--- GIVEN DATA Enclosed Below ---

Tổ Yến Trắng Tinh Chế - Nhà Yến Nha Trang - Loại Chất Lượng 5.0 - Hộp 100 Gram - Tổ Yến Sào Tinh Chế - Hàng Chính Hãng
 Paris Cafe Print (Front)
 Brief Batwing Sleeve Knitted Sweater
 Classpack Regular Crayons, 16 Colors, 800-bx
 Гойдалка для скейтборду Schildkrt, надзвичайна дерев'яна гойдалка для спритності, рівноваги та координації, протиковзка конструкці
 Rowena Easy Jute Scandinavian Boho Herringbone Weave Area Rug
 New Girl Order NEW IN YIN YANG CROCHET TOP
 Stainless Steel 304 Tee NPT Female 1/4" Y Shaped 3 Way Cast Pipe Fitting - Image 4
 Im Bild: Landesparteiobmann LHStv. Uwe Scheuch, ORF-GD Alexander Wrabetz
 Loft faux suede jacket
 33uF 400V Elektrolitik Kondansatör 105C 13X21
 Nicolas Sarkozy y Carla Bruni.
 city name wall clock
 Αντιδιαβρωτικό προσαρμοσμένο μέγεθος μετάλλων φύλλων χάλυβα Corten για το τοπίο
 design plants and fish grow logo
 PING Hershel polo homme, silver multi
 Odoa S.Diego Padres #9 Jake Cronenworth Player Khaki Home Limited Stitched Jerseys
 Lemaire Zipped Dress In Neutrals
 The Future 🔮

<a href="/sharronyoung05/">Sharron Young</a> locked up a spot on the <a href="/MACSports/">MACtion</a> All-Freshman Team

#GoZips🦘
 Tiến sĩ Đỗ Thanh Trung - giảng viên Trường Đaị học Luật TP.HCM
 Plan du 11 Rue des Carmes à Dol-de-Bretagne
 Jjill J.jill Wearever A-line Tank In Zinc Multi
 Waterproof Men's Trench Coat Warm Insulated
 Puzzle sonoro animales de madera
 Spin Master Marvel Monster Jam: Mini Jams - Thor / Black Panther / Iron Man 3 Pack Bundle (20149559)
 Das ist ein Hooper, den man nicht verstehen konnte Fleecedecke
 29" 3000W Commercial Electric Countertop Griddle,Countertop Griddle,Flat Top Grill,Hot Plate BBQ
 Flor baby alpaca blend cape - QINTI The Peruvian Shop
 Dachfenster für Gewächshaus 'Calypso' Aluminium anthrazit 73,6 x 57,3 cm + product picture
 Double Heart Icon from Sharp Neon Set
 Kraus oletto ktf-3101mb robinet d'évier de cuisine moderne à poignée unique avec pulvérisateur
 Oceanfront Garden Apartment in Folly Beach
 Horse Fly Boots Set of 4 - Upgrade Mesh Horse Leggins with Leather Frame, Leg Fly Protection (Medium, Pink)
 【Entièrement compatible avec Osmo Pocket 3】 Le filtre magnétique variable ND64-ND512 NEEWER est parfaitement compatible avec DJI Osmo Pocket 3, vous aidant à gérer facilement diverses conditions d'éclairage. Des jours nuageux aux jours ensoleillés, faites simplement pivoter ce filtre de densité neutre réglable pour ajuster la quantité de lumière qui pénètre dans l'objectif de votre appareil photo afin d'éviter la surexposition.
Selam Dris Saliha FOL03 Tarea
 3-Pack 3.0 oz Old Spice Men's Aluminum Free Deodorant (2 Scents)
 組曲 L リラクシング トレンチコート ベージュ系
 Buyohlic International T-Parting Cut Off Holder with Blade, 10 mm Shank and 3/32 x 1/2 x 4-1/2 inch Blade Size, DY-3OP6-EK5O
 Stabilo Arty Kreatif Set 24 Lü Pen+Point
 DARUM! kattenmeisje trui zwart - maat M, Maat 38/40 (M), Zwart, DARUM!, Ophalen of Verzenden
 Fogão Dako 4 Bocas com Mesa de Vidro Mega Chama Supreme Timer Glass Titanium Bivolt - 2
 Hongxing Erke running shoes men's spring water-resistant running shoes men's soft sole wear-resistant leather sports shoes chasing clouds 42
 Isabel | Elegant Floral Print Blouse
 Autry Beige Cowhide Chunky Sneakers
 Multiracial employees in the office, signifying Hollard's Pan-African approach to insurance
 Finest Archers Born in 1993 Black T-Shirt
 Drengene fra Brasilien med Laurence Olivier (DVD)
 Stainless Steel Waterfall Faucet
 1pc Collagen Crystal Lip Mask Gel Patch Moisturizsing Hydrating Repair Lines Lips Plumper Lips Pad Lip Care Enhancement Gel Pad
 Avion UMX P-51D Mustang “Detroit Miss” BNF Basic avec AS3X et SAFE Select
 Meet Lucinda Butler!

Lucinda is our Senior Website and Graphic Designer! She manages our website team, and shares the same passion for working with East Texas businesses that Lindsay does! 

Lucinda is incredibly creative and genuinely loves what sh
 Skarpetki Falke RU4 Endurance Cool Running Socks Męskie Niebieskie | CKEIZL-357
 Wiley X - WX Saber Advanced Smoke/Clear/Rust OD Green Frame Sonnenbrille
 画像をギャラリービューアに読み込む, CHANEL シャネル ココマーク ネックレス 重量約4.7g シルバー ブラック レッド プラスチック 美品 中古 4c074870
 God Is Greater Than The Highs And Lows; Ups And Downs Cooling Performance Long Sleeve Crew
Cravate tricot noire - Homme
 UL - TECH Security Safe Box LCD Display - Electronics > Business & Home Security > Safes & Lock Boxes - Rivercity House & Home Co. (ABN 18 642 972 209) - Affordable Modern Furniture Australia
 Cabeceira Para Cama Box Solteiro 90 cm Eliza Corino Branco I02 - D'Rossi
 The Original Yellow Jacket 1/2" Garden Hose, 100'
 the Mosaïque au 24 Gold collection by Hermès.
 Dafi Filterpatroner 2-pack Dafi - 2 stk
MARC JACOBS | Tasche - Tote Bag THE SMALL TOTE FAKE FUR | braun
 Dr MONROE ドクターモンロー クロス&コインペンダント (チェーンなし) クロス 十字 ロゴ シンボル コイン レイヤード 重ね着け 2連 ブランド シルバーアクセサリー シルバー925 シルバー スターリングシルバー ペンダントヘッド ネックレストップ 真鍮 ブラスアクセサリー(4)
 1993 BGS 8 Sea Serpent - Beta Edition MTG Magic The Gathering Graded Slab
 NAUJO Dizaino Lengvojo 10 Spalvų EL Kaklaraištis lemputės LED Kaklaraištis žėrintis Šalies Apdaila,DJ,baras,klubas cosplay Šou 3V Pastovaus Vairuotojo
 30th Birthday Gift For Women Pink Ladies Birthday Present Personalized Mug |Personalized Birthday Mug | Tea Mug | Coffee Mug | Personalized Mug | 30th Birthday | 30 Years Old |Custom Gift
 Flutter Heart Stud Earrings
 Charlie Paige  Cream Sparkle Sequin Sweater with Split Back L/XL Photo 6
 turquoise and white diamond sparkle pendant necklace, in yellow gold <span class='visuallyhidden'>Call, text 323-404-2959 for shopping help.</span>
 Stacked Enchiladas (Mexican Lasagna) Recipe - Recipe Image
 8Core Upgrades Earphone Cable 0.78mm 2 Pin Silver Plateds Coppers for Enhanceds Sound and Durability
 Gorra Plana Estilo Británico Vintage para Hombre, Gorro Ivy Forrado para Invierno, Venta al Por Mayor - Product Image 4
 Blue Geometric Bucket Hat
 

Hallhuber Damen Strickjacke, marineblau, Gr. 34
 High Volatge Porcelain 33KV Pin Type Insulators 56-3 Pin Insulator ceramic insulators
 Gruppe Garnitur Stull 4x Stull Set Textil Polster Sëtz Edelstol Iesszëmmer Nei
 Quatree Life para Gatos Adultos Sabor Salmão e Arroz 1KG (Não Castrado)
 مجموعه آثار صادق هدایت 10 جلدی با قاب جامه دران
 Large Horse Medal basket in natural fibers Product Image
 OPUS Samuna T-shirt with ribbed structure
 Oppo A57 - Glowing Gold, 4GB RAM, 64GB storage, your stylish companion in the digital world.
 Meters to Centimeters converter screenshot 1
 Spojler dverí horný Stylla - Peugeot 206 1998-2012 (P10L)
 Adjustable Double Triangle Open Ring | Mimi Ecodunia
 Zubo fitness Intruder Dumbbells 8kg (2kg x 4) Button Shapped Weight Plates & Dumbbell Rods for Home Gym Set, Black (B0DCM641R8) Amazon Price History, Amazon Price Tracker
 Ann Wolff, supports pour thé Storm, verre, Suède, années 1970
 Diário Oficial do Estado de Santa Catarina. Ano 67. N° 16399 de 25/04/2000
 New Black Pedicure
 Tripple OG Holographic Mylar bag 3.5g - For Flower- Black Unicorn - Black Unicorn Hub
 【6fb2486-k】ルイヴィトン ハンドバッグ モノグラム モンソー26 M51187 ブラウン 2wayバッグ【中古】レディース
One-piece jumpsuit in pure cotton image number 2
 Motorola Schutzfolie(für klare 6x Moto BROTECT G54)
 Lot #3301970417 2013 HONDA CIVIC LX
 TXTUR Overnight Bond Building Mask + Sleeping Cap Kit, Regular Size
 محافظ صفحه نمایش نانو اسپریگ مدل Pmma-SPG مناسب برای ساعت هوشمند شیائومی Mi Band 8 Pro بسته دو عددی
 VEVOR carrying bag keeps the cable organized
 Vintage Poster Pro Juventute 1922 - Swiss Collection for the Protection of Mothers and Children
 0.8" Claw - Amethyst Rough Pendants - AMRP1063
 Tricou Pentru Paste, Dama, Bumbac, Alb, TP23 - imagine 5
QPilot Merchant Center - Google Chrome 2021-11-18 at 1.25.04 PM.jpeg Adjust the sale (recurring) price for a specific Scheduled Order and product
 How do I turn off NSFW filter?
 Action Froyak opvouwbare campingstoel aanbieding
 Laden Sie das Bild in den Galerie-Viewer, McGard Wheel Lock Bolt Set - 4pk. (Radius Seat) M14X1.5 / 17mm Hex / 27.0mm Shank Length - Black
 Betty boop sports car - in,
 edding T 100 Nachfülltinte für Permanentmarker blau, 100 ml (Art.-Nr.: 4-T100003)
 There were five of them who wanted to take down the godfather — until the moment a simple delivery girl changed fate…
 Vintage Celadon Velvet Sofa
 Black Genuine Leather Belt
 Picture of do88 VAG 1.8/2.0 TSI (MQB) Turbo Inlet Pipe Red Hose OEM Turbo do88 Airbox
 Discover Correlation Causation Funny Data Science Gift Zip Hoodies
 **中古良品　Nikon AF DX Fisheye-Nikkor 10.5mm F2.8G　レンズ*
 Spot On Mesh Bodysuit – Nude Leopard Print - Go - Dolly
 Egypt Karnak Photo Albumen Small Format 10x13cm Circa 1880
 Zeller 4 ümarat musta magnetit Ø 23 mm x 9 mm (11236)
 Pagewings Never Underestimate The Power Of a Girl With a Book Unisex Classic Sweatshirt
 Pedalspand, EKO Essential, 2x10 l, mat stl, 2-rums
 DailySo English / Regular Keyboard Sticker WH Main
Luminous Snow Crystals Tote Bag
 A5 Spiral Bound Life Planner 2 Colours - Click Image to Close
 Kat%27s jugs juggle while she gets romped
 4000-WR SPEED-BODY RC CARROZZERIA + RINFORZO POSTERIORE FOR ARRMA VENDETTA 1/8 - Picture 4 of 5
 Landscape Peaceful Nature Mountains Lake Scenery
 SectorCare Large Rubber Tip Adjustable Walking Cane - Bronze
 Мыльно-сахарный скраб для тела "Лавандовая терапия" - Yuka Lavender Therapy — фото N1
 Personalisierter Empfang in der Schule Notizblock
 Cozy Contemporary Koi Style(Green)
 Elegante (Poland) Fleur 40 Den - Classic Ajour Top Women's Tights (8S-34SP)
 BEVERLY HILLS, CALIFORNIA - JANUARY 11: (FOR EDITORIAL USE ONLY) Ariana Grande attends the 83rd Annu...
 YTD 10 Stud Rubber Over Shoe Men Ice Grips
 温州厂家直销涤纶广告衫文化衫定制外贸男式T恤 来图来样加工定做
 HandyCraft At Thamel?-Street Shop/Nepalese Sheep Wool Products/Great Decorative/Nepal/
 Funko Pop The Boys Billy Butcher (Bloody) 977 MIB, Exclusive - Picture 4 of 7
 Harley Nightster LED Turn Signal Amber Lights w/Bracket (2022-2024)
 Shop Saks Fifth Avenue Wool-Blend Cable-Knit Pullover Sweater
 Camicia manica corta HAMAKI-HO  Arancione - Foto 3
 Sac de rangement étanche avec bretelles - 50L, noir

--- End of Enclosed GIVEN DATA ---

THE TASK ▸ Tally the lines above in which the string "Stainless" occurs, and give the total with nothing added.

SOLUTION FOR THIS EXERCISE ▸ 2